• WHAT IS BEING ASKED: Look below for the line containing "this 400×286 image.", then write out that line and every line after it to the end, exactly, minus the pictures.

+++ PROVIDED ENTRIES +++

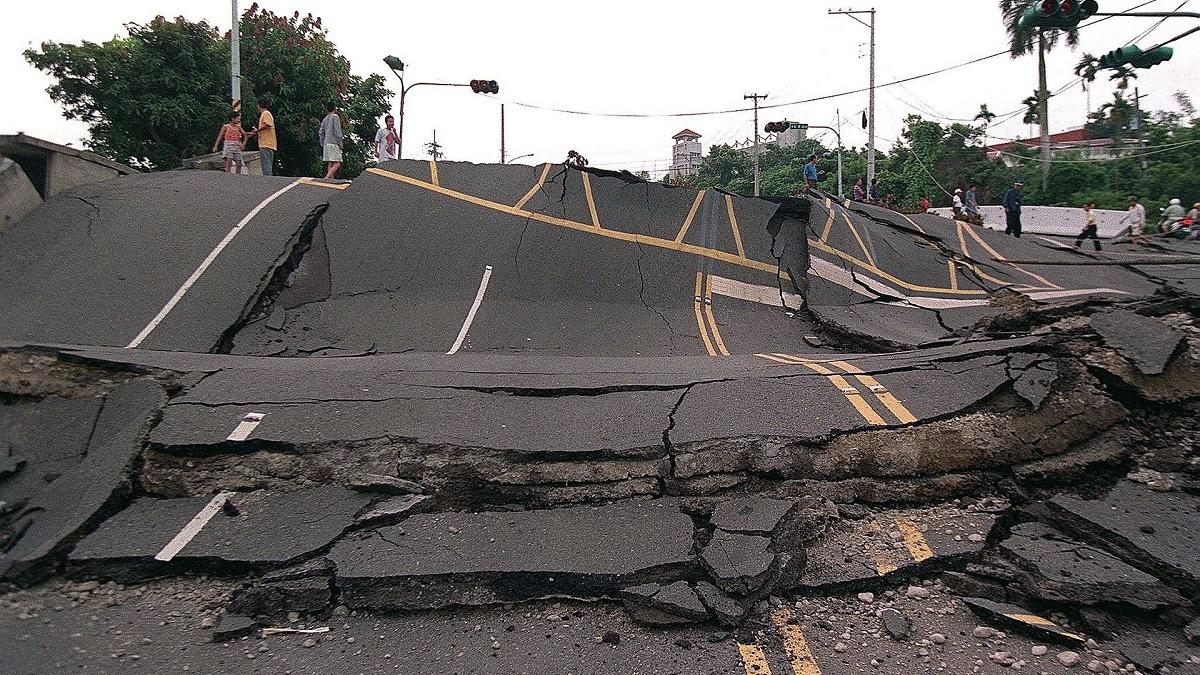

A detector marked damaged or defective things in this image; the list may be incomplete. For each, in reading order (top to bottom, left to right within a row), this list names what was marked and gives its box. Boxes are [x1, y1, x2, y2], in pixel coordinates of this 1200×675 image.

severely cracked road [2, 161, 1200, 672]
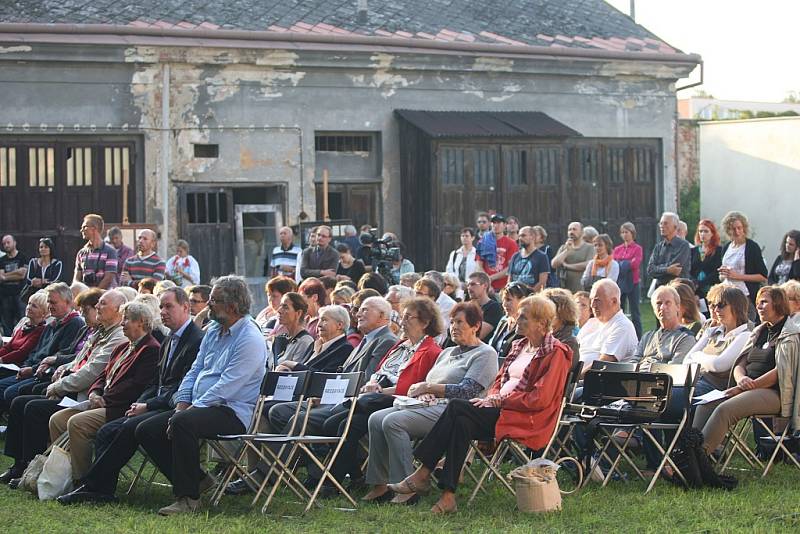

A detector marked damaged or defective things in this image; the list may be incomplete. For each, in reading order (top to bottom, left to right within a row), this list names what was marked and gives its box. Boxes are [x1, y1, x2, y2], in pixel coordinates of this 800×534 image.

peeling plaster wall [0, 42, 688, 253]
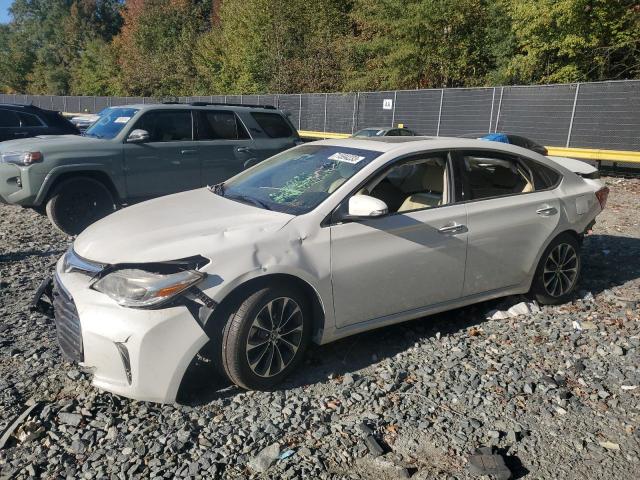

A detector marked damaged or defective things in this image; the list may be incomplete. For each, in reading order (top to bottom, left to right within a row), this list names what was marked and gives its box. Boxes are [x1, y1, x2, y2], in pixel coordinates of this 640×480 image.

cracked windshield [221, 144, 380, 214]
broken headlight [90, 270, 202, 308]
damaged front bumper [33, 258, 210, 402]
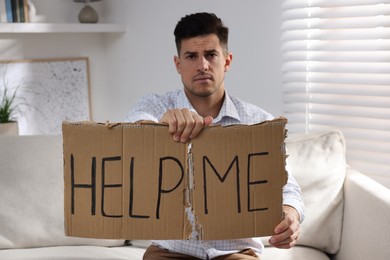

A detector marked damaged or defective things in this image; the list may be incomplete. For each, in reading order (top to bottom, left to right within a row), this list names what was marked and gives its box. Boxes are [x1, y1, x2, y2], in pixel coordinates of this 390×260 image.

torn cardboard edge [62, 117, 288, 241]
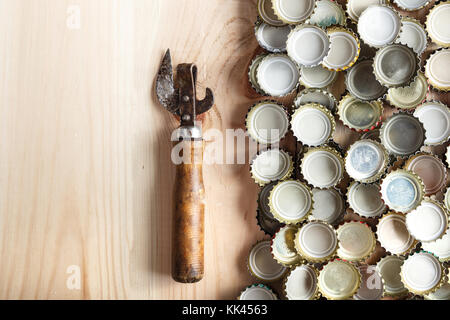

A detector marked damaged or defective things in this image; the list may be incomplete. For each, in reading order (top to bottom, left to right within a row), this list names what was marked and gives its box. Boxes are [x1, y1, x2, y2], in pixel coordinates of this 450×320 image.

rusty metal [156, 49, 214, 129]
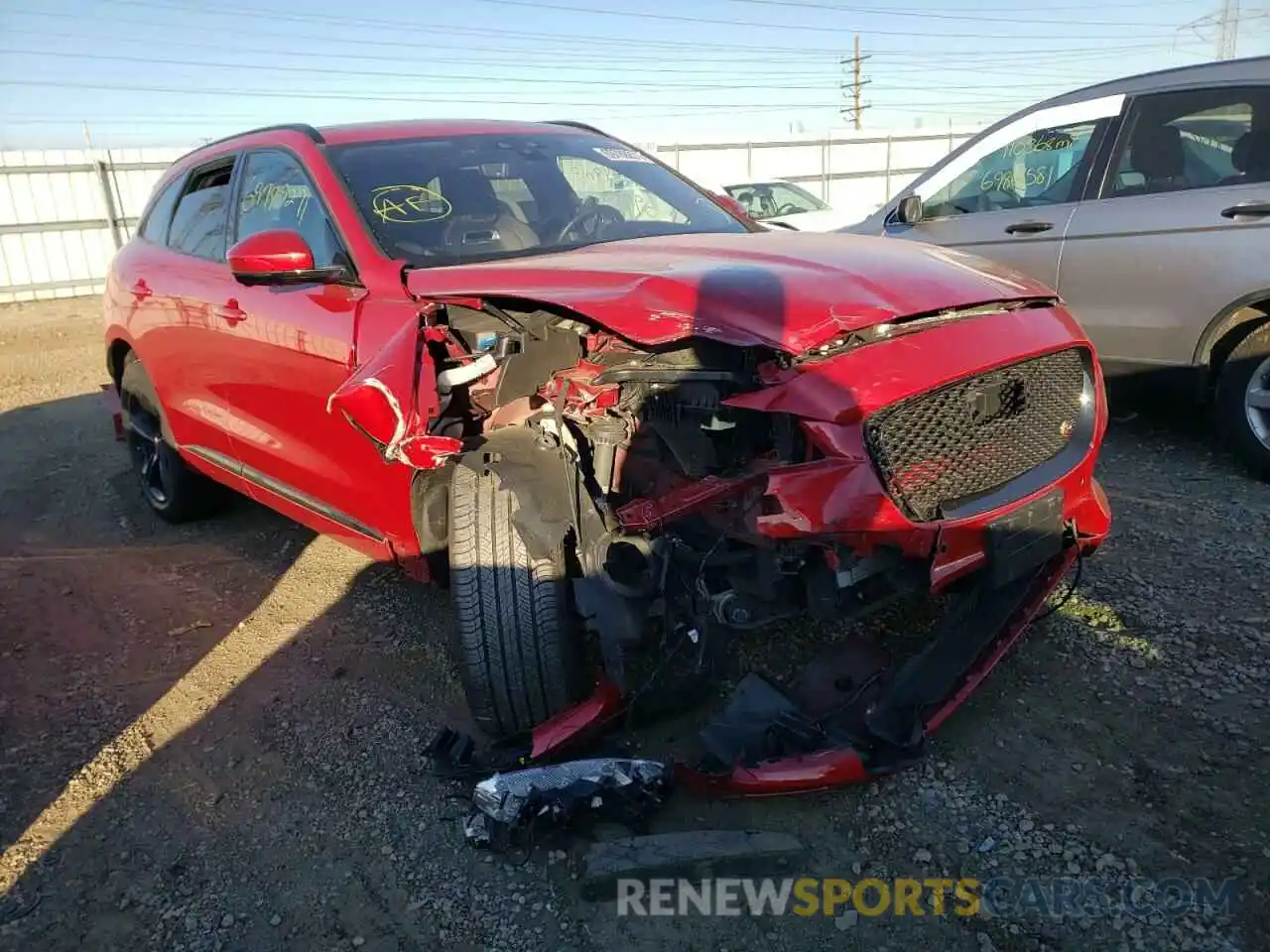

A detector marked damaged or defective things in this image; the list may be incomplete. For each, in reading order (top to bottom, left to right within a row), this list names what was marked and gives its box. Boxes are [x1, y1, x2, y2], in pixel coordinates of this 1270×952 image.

damaged hood [401, 233, 1056, 355]
crumpled front fender [327, 309, 461, 469]
damaged red jaguar f-pace [101, 117, 1112, 791]
detached bumper piece [681, 542, 1077, 796]
broken plastic debris [461, 762, 670, 848]
detached bumper piece [459, 762, 675, 848]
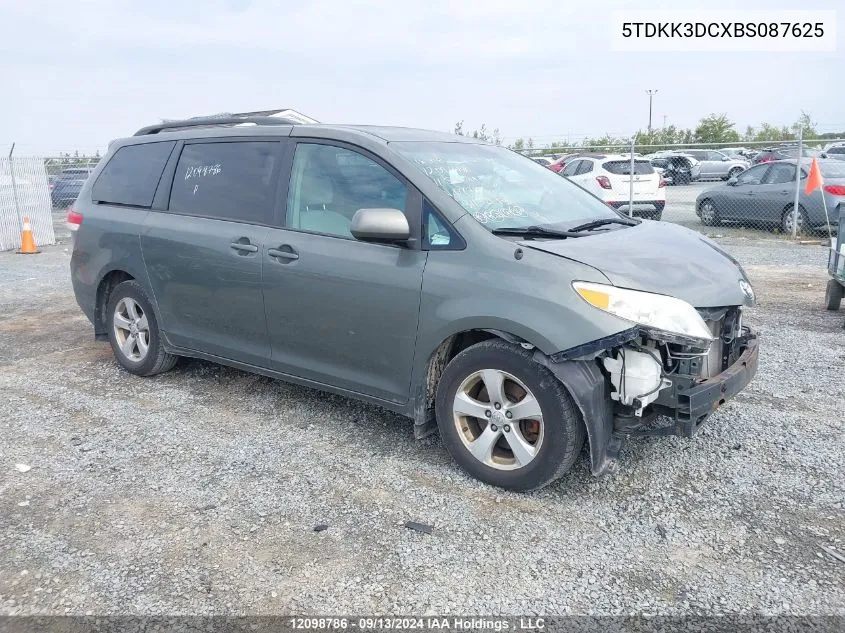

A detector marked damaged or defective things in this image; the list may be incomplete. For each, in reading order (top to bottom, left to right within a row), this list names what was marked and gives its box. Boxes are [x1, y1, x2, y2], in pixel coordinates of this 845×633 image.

exposed headlight housing [572, 282, 712, 346]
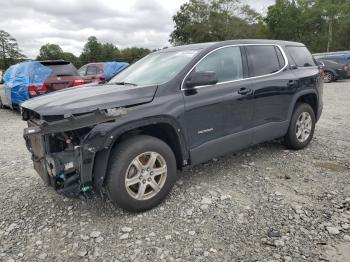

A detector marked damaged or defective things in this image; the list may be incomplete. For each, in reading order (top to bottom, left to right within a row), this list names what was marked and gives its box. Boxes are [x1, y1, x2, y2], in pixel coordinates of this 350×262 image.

front end damage [21, 108, 127, 196]
damaged black suv [21, 41, 322, 213]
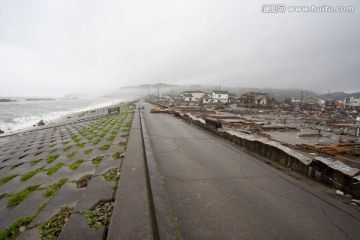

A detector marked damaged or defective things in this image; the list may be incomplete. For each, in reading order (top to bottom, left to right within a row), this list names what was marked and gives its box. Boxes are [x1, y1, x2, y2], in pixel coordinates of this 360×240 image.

rooftop of damaged house [146, 90, 360, 199]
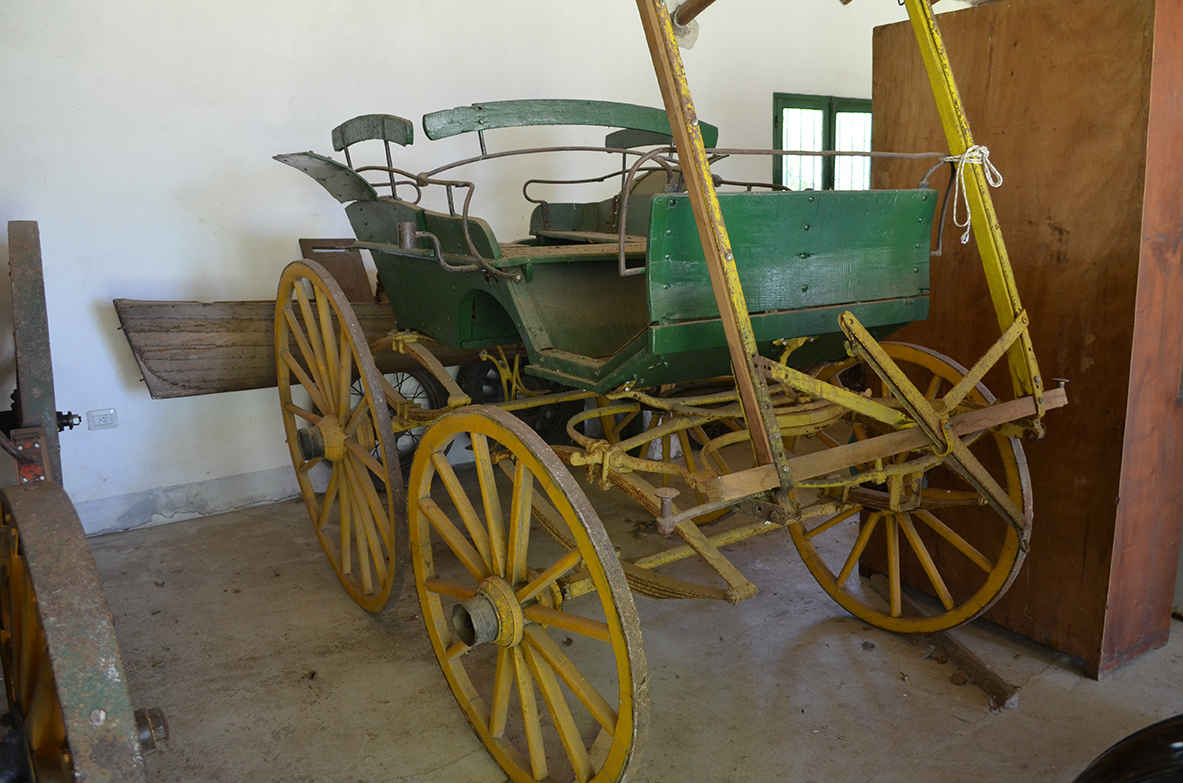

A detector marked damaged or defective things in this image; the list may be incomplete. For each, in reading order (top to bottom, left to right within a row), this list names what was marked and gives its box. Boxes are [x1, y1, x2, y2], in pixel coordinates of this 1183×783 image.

rusty wheel tire [275, 260, 406, 615]
rusty wheel tire [0, 487, 145, 780]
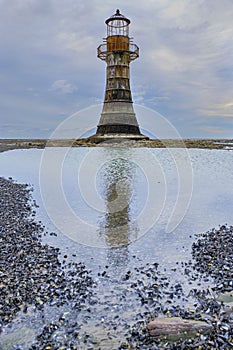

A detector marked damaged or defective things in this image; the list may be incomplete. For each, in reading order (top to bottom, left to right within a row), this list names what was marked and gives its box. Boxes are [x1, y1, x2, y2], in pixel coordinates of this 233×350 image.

rusty metal structure [95, 8, 143, 136]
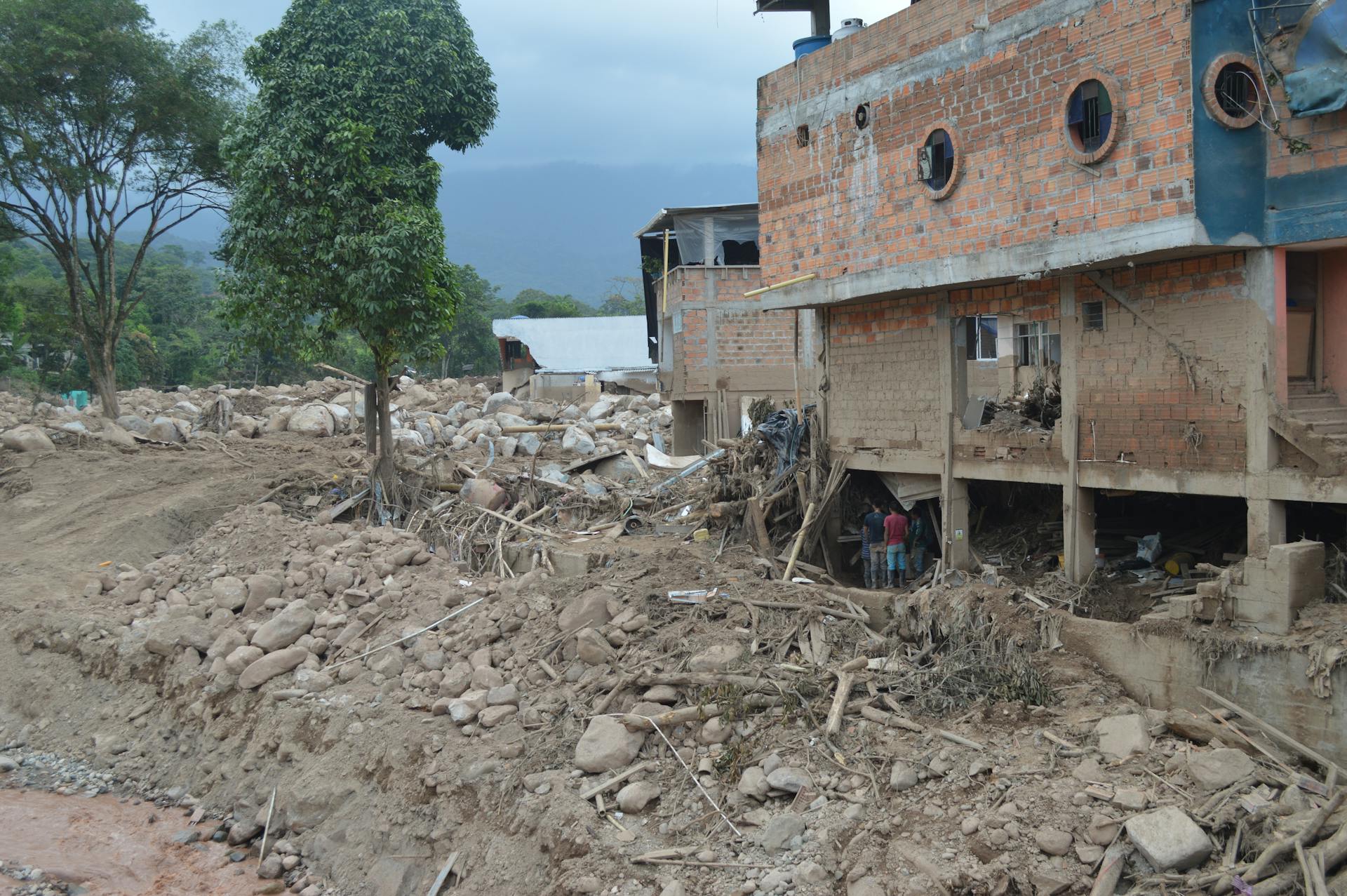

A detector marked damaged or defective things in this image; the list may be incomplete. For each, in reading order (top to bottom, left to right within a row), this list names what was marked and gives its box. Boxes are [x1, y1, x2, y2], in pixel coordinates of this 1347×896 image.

damaged brick building [752, 0, 1347, 634]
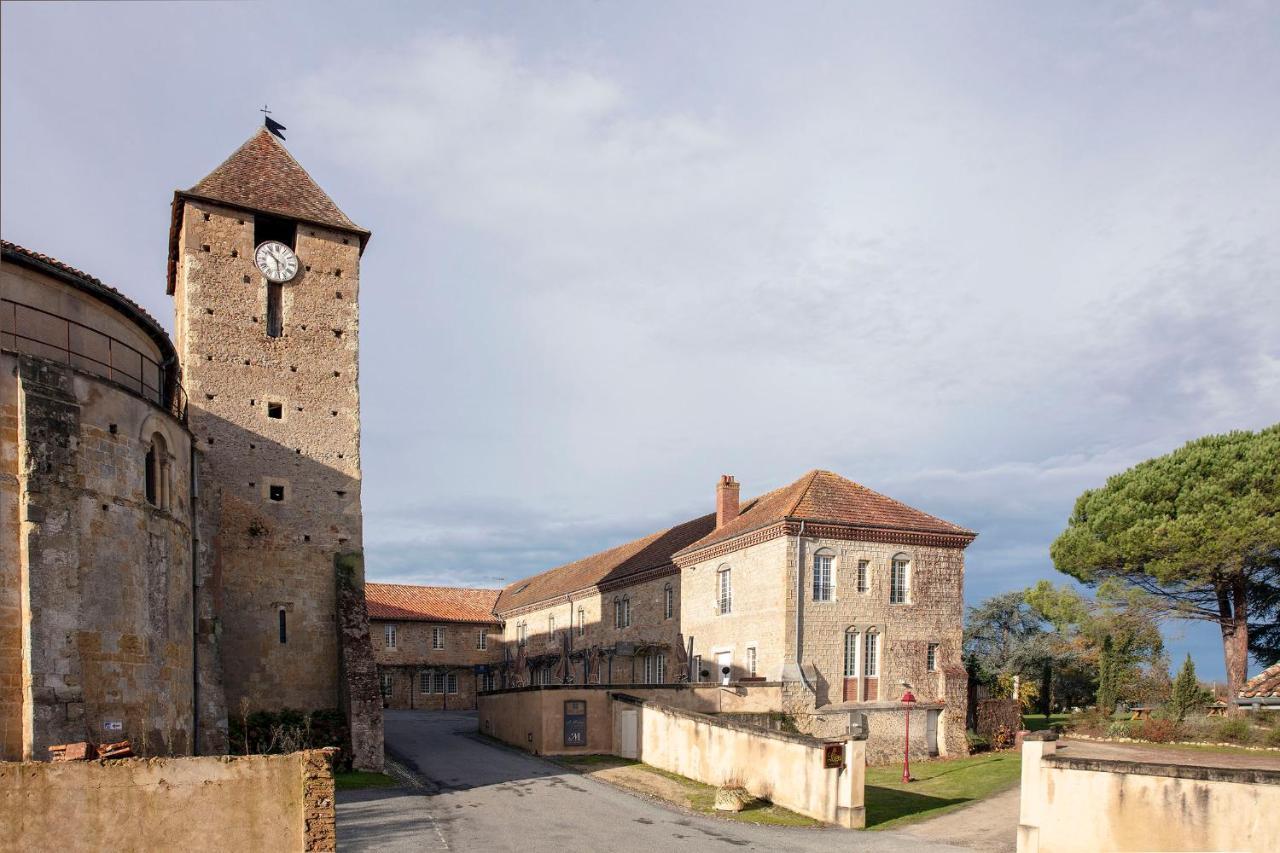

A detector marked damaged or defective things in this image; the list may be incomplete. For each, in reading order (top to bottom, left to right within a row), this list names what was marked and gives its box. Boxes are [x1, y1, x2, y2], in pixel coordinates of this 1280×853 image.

broken roof tile pile [366, 578, 499, 625]
broken roof tile pile [1239, 660, 1280, 696]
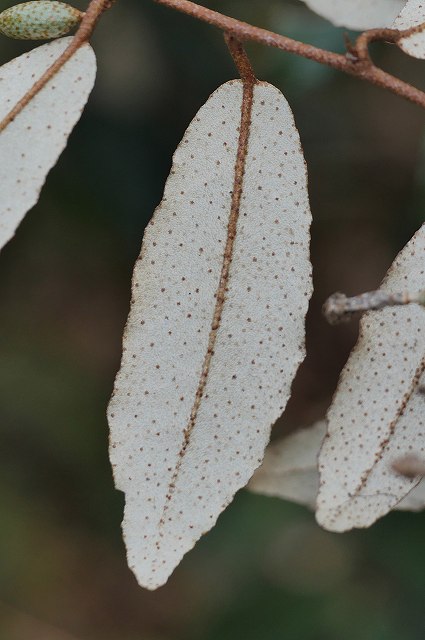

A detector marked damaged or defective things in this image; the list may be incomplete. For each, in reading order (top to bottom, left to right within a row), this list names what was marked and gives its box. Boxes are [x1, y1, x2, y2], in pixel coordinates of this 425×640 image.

rusty brown midvein [157, 77, 253, 528]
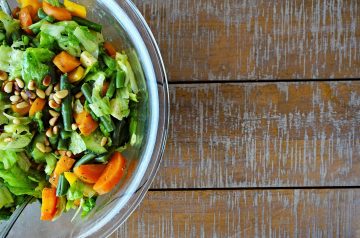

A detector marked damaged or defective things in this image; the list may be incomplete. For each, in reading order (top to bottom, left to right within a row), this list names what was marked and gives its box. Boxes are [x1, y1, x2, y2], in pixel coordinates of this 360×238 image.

peeling white paint on wood [134, 0, 358, 81]
peeling white paint on wood [151, 82, 360, 189]
peeling white paint on wood [114, 190, 360, 238]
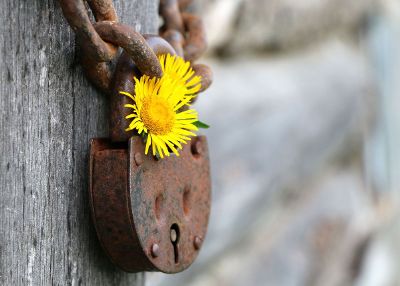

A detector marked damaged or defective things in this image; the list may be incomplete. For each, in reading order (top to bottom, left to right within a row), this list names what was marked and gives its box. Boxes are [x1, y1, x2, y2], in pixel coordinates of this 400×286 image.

rusty chain link [59, 0, 212, 95]
corroded metal surface [88, 136, 211, 272]
rusty padlock [88, 36, 212, 274]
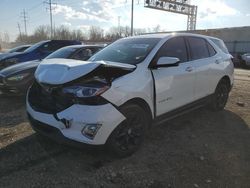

+++

• EXERCISE RESULT:
A detector marked damaged or defective things in this image; the list may be incomplete. For each, in reading order (top to bottom, left to right within a row), this list names what was marked and gives its box. Boxes are [x1, y1, x2, y2], in pixel coordinates of this 400×286 image.

rusty chain link [59, 0, 212, 95]
corroded metal surface [88, 136, 211, 272]
rusty padlock [88, 36, 212, 274]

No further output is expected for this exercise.